In June 2025, Korea’s Supreme Court issued a landmark decision recognising the enforceability of shareholder and joint venture voting rights agreements. MSI’s South Korea legal member, Ahnse Law Offices, provides further insight.

In a decision on 12 June 2025, the Korean Supreme Court has clarified the legal standing of shareholder and joint venture agreements—particularly those involving voting rights. This is a significant development for anyone entering into shareholder arrangements (Shareholder Agreements) in Korea.

The dispute arose from a joint venture agreement between two individuals—X and Y. They agreed on a 45:55 ownership split and that each would appoint two directors to a four-member board. Things progressed smoothly until one party acted unilaterally.

Y convened a shareholders’ meeting and succeeded in appointing three additional directors. This expanded the board to seven—clearly outside what the parties had agreed and changed the control of the board. X objected and took the matter to court, citing a breach of their agreement.

The lower courts agreed with X. They ordered Y to vote in favour of dismissing three of the five directors he had nominated. More interestingly, the court also allowed indirect enforcement: if Y failed to comply, he would be fined KRW 1 million per day.

The issue before the courts was whether such a voting rights agreement could restrict how a party exercised their shareholder vote.

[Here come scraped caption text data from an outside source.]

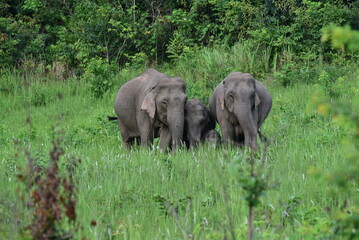 Adorable wild elephants in Thailand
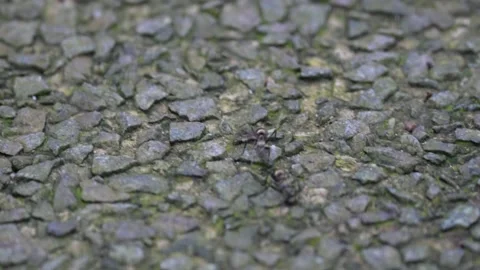 Ants Stock Footage 300758004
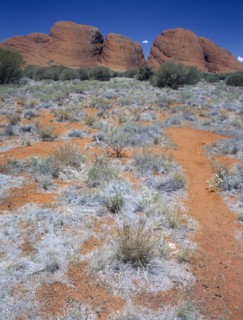 AUSTRALIA, Northern Territory, Kata Tjuta National Park, The Olgas seen from the Sunset Viewing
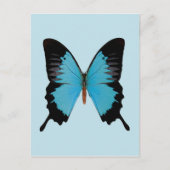 Peacock Royal Briefkaart (Voorkant)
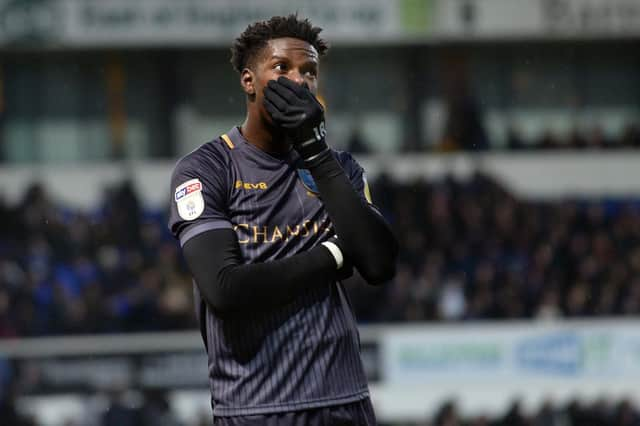 Lucas Joao celebrates his last minute winner at Ipswich Town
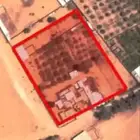 تخيل مثمره واشجار حمضيات للبيع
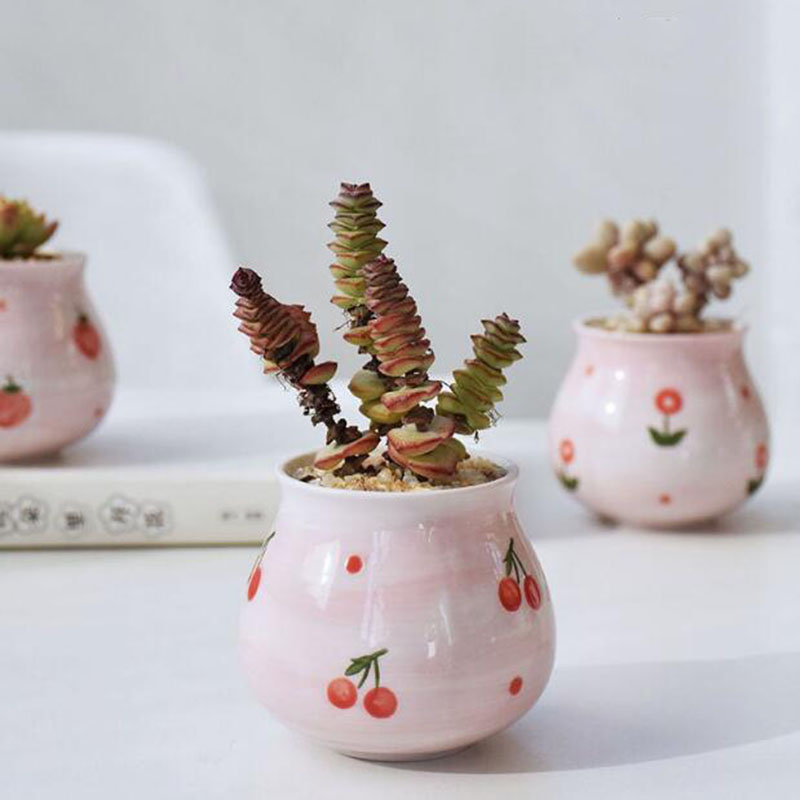 Śliczne różowe dziewczyny serc – Bonsai Garden Europe recenzja i cena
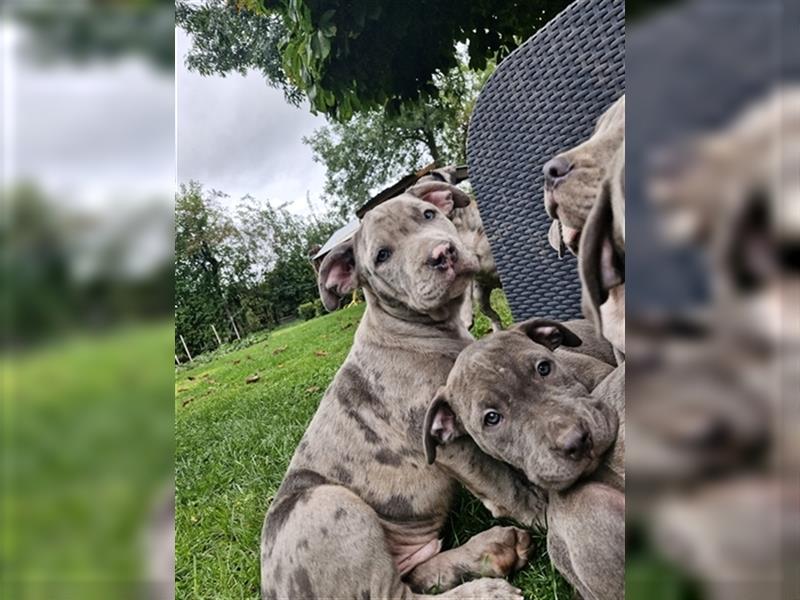 American Bully XXL Sonderlackierung Merle Tricolor Blueline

Korean law does not typically allow external contracts to override rights established in the articles of incorporation. However, this case signals a departure from that rigidity.

The Supreme Court upheld the lower court rulings. It confirmed that a shareholder can be bound by a contract that limits how they vote, so long as the agreement is clear and mutual. This is the first time Korea’s top court has formally recognised this principle.

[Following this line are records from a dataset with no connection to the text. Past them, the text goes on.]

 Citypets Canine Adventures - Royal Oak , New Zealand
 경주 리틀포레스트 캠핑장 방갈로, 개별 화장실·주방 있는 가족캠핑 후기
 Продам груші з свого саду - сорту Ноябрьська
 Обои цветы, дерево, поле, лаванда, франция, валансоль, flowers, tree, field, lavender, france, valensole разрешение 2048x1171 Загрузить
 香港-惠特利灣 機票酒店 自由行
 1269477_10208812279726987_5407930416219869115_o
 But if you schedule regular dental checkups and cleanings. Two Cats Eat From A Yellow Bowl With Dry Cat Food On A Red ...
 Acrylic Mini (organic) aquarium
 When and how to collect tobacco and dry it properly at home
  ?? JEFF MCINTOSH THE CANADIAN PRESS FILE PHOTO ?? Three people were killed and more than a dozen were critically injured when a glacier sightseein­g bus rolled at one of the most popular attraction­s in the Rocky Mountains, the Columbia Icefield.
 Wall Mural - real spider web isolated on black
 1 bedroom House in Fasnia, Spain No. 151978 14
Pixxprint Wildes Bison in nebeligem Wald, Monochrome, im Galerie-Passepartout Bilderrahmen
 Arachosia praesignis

This may come as a surprise in a civil law jurisdiction like Korea, where formalities tend to matter and shareholder sovereignty has been respected in the past. However, the decision aligns with broader commercial logic.

Parties entering a joint venture need certainty that their partner will not upend the governance structure without agreement. Voting rights agreements are one way to achieve that—and now they have clear judicial backing.

The court noted that while the agreement was not in the articles of incorporation, it was still binding between the parties. When Y voted to expand the board, he broke that agreement. X was entitled to seek redress, and the court would step in to restore the intended balance.

What is also notable is the use of indirect enforcement. Courts in Korea can now impose daily fines to ensure compliance with contractual obligations relating to voting rights. This gives real teeth to agreements.

In practical terms, this case strengthens the position of minority shareholders and joint venture partners. It provides confidence that Korean courts will not only respect governance agreements but also enforce them with real consequences.

For foreign investors and joint venture partners operating in Korea, the message is clear. Agreements on how votes are cast and boards are structured are not just symbolic. They can and will be enforced—both in spirit and in practice.